Like Cheech and Chong

The past few days have been early ones -- on the order of 5.00ish AM -- because the puppy's potty alarm is set to go off the instant dawn's dim drapery settles over the tips of the tops of the trees in the hayfield. If he's got a snooze button, I haven't found it. "'s...early," I'll groan, pulling cargo shorts over a left knee that lately, aches like an old war wound, and creep out the front door grateful that few venture down the lane at this hour and any who do, look as bleary-eyed and brain-dead as me.

About my knee, I tore a medial meniscus (the cartilage pad that serves as a cushion between femur and tibia) and medial collateral ligament one evening about seven years ago when training my big dog who was then a puppy.
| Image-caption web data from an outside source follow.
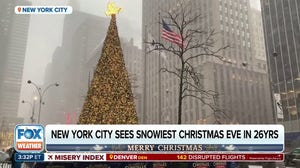 Light snow falls in New York City on Christmas Eve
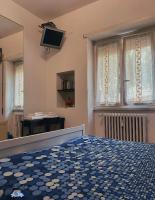 Televízia a/alebo spoločenská miestnosť v ubytovaní Ale&Andrea Apartments BLU & LILLA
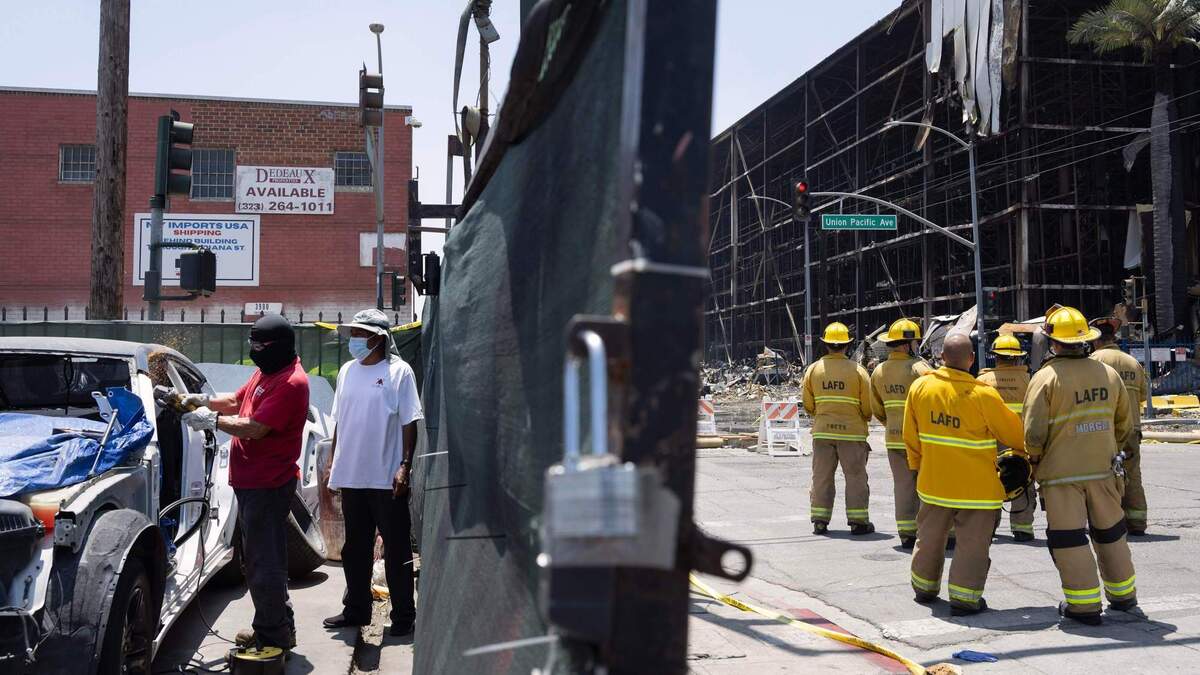Julio Reyes, left, works on a vehicle at the N&M Auto Repair located steps away from a smouldering cold storage facility in Boyle Heights on Thursday, June 25, 2026. (Photo by Drew A. Kelley, Press-Telegram/SCNG)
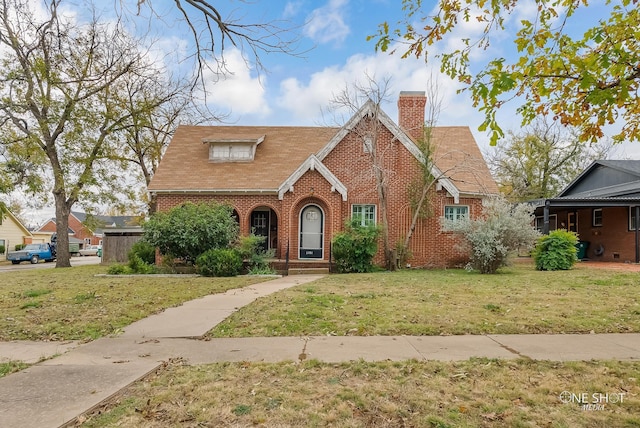 english style home featuring a front yard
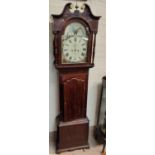 An early 19th century figured mahogany long cased clock, the hood with swan neck pediment and turned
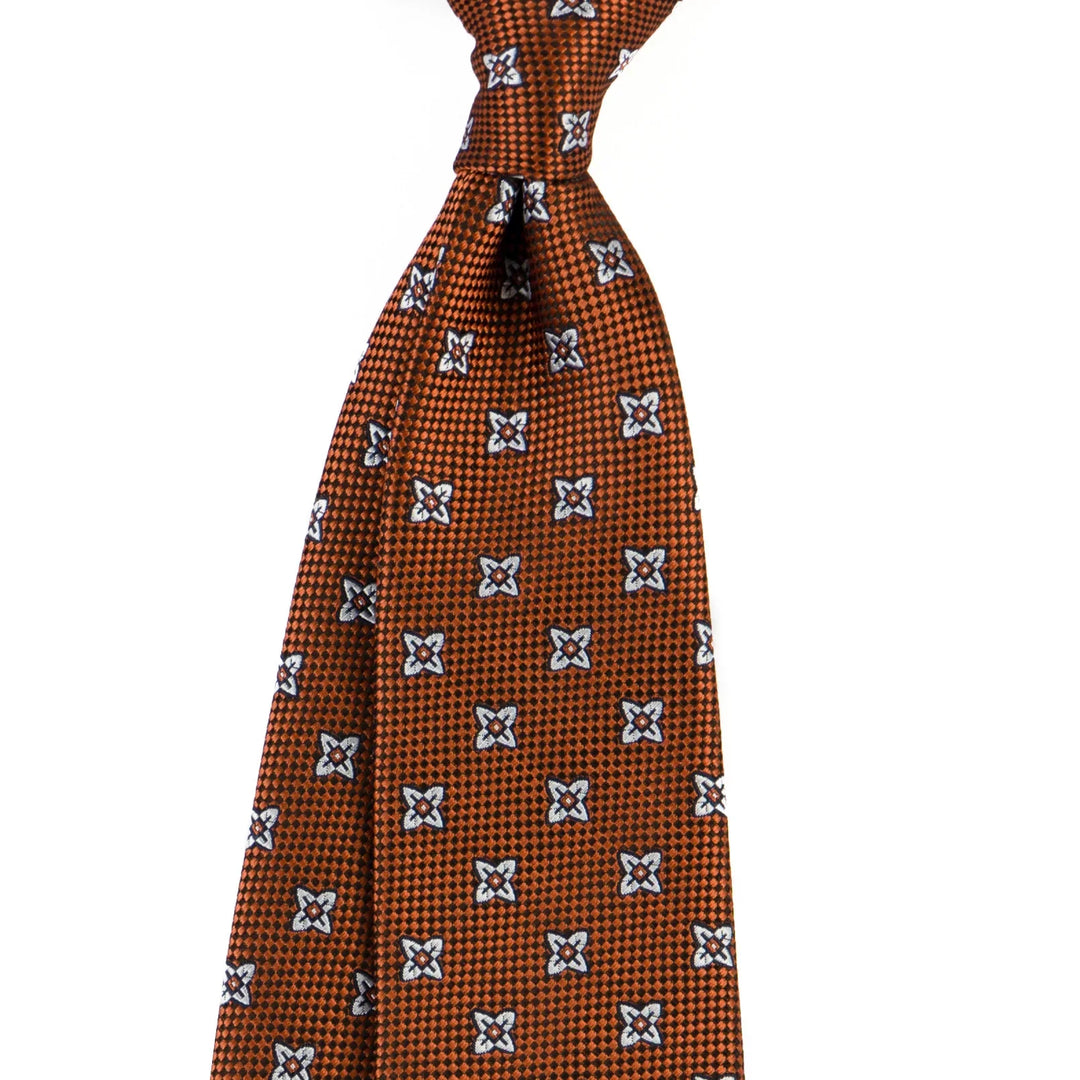 Orange patterned men’s silk tie with white and black flower motifs on checkered background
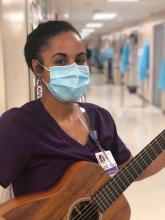 a woman of color in hospital scrubs and a hospital mask holding her guitar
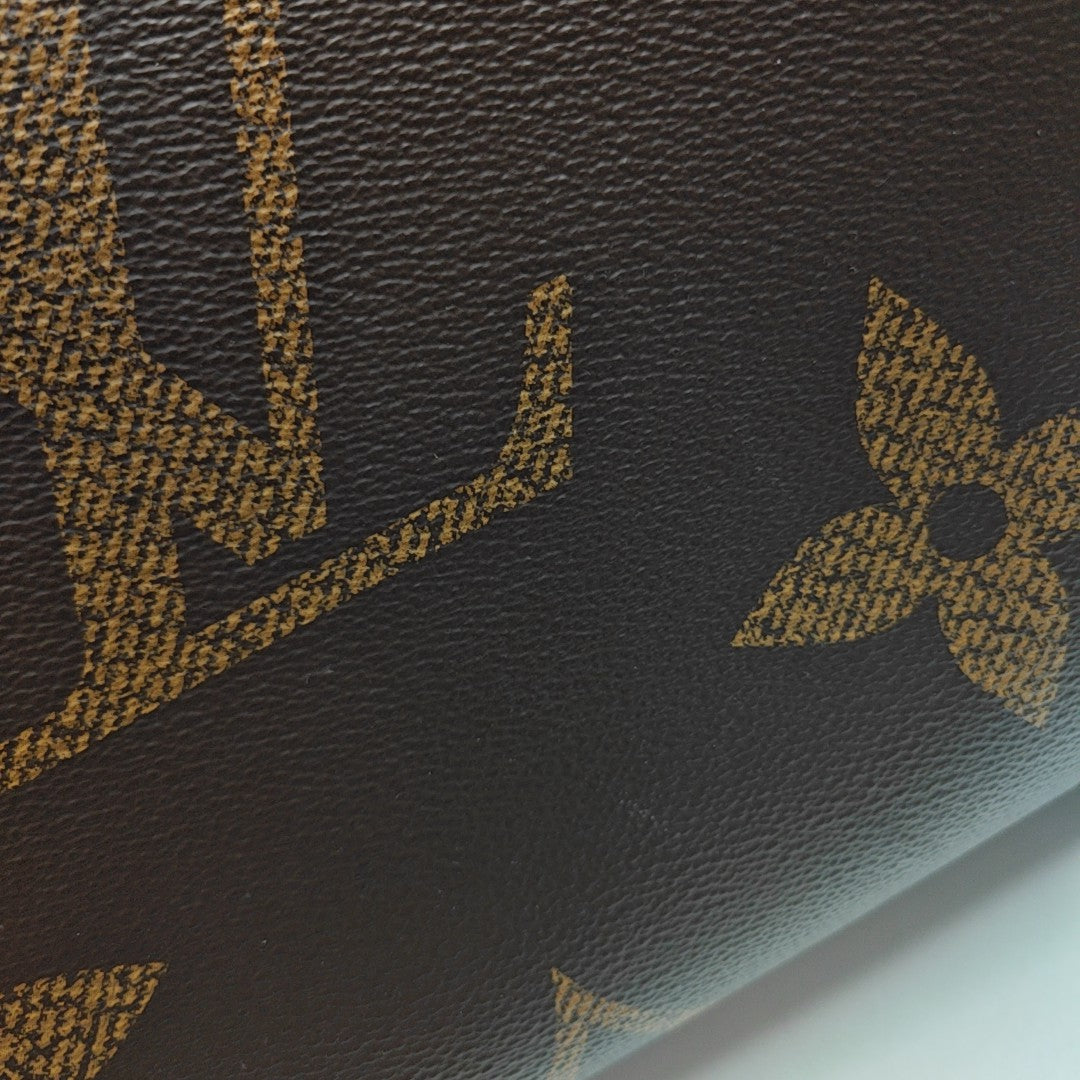 ONTHEGO MM Monogram Coated Canvas Brown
I wish I could say it was a college football injury resulting from a game-winning quarterback scramble John Elway would envy, but alas, it wasn't. The ligament is fine but it just occurred to me, this ache feels like that ache, the meniscus. I know, restrict motion, apply ice prn, take ibuprofen, and call my doctor if it worsens. Sigh.

Anyway, what I was going to tell you, before my knee so rudely interrupted, was a discovery I made while sipping coffee this morning and watching a bit of Sneakers (1992), one of my favorite films, starring Robert Redford. The dogs were engrossed in a post-breakfast game of Dino Dogs, imitating the T-Rex and Velocoraptor in the closing scenes of Jurassic Park (1993). Dino Dogs, by the way, is distinguished solely from its oriental martial arts cousin, FangWa, by the absence of sneezing. Both entail vigorous play, but FangWa intersperses play with episodes of vigorous sneezing. Don't ask me why, I didn't make up the rules.
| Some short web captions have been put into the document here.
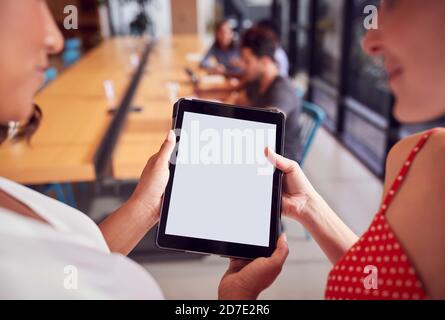 Close Up Of Two Businesswomen Looking At Digital Tablet In Shared Office Workspace Stock Photo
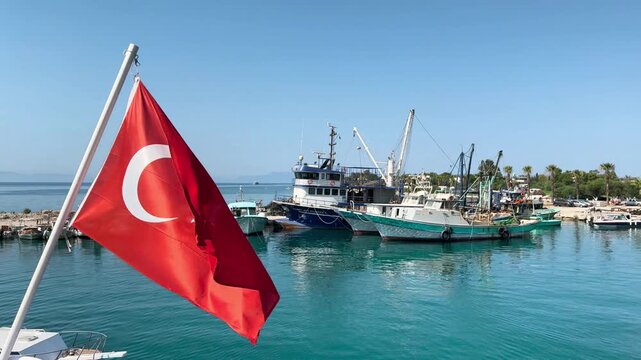 Beach tour boat departs harbor, a vibrant Turkish flag against a backdrop of docked fishing vessels and a serene coastal view. Flag of Turkey fluttering in breeze. &Ouml;ren Resort, Milas, Muğla, Turkey 
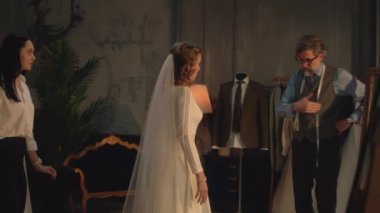 Cinematic shot of happy woman in wedding dress and veil walking in front of the mirror. Bride on fitting wedding dress in designer atelier or wedding salon. Concept of fashion and couturier.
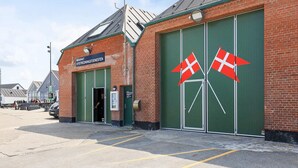 Un edificio con due porte per garage verdi, un cartello con la scritta 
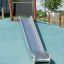 Outdoor Hill Slide h120 on blue mound with green lawn
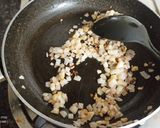 A picture of step 5 of Spinach Corn Ravioli in white sauce.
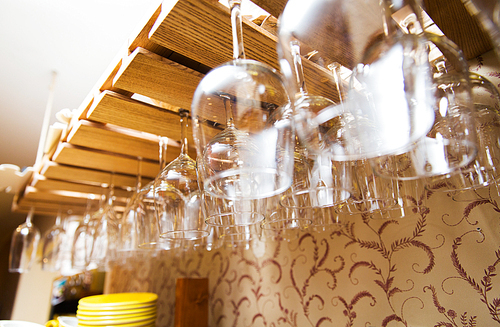 glassware, dishware and objects concept - wine glasses hanging upside down on bar holder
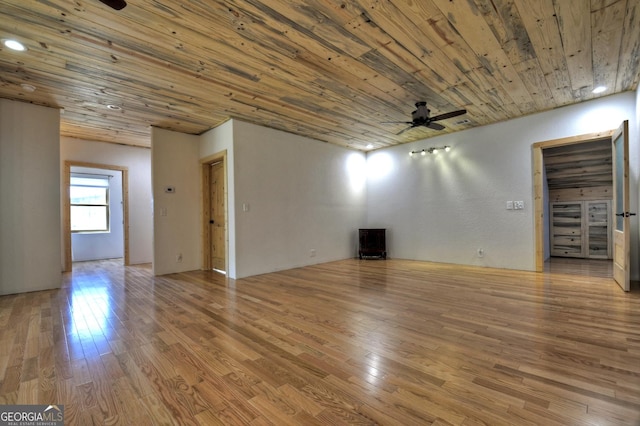unfurnished living room featuring a ceiling fan, wood finished floors, wood ceiling, and recessed lighting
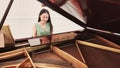 Asian beautiful woman is playing and practice piano as hobby for music therapy with happiness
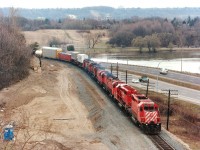 I found myself going into some sort of "railfanner's heat" when this train entered my viewfinder as I stood looking over the High Level bridge at the west end of Hamilton. There had been some interesting lashups as of late but this one was a real treat. CP 5733, 5475, 4237, 4243, 4226, 4718, 4241 and 1621 are seen slowly making their way along. (Hwy 403 is in the background). Certainly a lot of history in these units: 5733 ret'd 2008; 5475 (converted to a "B") went to NRE 2004; 4237 to Delson RR Museum; 4243 to NBEC; 4226 converted to control cab 1104; 4718 "re-retired 1995; 4241 to Que Gatineau; and 1621 was retired in 2011. Note construction for extra track to accommodate GO Transit service for Hamilton is just underway.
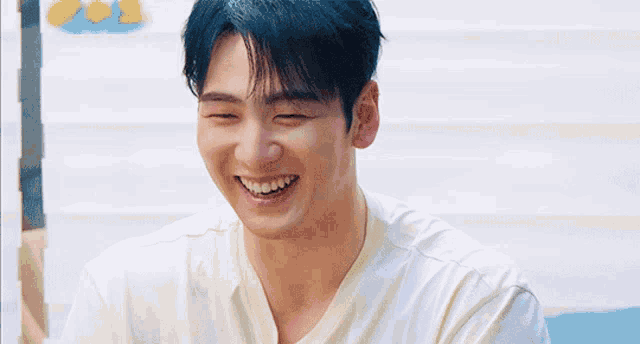 a man with blue hair and a white shirt is smiling
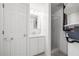 Compact bathroom featuring a standing shower and integrated sink and cabinet at 3427 Cambridge Dr, Sarasota, FL 34232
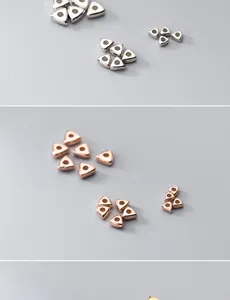 Close-up of silver and rose gold triangular spacer beads for DIY jewelry making projects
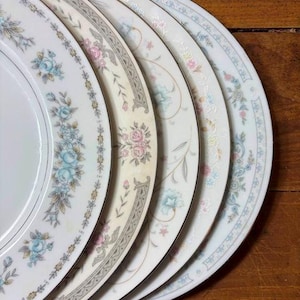 May include: A stack of decorative ceramic plates with floral patterns. The plates feature various designs, including blue, pink, and yellow flowers, with gold trim. The plates are arranged on a wooden surface.
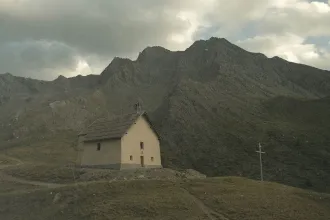 A small church sits on a grassy hillside beneath towering, rugged mountains under a cloudy sky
In the midst of all this sensory overload, I noticed Redford was wearing a light blue chambray or denim shirt and khaki slacks. That's when the lights came on, my jaw dropped open, and the caffeine kicked in. Aside from the fact that I'm six inches taller, from the neck down, Redford and I have virtually the same body. Cut off our heads (metaphorically speaking, please), dress us in slacks and a loose fitting shirt and by golly, we're like Cheech and Chong. Well, not them exactly, but you get the idea.

It would be my luck, of course, to have the resemblance halt at the neck. I mean, how many women do you know who are going to smile and bat their eyelashes, their pupils having suddenly and uncontrollably dilated larger than silver dollars, if I were to attempt this as an opening line at a cocktail party: "Ahem, Robert Redford and I have similar body types." That's what I thought, not very many. I may as well scribble the word "boring" across my forehead right now in indelible black Sharpie. Nope, about the best I can do is write about it and let sleeping dogs lie -- which, by the way, they're both doing, at last.